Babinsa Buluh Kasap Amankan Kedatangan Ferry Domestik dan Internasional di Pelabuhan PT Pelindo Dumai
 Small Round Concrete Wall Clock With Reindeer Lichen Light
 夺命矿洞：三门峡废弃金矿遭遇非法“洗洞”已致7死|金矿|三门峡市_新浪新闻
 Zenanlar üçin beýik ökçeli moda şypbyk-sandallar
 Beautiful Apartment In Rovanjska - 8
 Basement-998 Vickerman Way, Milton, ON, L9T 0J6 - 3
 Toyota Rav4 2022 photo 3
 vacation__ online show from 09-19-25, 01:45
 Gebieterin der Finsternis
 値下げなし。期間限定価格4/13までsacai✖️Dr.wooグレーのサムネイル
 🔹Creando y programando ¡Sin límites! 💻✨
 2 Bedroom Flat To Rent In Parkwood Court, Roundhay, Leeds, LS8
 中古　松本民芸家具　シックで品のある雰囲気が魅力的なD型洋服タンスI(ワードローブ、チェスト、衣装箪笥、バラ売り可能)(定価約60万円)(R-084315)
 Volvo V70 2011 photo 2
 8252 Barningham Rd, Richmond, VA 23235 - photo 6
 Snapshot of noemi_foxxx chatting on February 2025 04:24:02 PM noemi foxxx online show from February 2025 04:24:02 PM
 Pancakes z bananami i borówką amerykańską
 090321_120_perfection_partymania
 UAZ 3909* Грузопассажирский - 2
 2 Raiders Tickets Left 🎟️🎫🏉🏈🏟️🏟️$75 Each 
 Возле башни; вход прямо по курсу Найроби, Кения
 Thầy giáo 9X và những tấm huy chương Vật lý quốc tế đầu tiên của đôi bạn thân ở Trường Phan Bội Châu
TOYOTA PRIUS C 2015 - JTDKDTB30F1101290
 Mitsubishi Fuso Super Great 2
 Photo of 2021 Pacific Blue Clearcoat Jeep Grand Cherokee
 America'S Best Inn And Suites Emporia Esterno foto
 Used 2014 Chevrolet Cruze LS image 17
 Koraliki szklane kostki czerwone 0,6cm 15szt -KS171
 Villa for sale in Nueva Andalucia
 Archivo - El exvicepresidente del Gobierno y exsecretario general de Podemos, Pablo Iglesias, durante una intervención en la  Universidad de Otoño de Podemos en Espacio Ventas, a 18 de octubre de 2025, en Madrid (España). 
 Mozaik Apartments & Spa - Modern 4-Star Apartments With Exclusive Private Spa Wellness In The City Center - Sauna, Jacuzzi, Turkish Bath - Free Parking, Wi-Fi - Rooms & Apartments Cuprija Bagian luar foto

......

WORK REQUIRED:
Exactly as written, please reproduce the lines from the first line of the data to the line containing "2 Raiders Tickets Left 🎟️🎫🏉🏈🏟️🏟️$75 Each", inclusive, and nothing else.

ANSWER SECTION:
Babinsa Buluh Kasap Amankan Kedatangan Ferry Domestik dan Internasional di Pelabuhan PT Pelindo Dumai
 Small Round Concrete Wall Clock With Reindeer Lichen Light
 夺命矿洞：三门峡废弃金矿遭遇非法“洗洞”已致7死|金矿|三门峡市_新浪新闻
 Zenanlar üçin beýik ökçeli moda şypbyk-sandallar
 Beautiful Apartment In Rovanjska - 8
 Basement-998 Vickerman Way, Milton, ON, L9T 0J6 - 3
 Toyota Rav4 2022 photo 3
 vacation__ online show from 09-19-25, 01:45
 Gebieterin der Finsternis
 値下げなし。期間限定価格4/13までsacai✖️Dr.wooグレーのサムネイル
 🔹Creando y programando ¡Sin límites! 💻✨
 2 Bedroom Flat To Rent In Parkwood Court, Roundhay, Leeds, LS8
 中古　松本民芸家具　シックで品のある雰囲気が魅力的なD型洋服タンスI(ワードローブ、チェスト、衣装箪笥、バラ売り可能)(定価約60万円)(R-084315)
 Volvo V70 2011 photo 2
 8252 Barningham Rd, Richmond, VA 23235 - photo 6
 Snapshot of noemi_foxxx chatting on February 2025 04:24:02 PM noemi foxxx online show from February 2025 04:24:02 PM
 Pancakes z bananami i borówką amerykańską
 090321_120_perfection_partymania
 UAZ 3909* Грузопассажирский - 2
 2 Raiders Tickets Left 🎟️🎫🏉🏈🏟️🏟️$75 Each 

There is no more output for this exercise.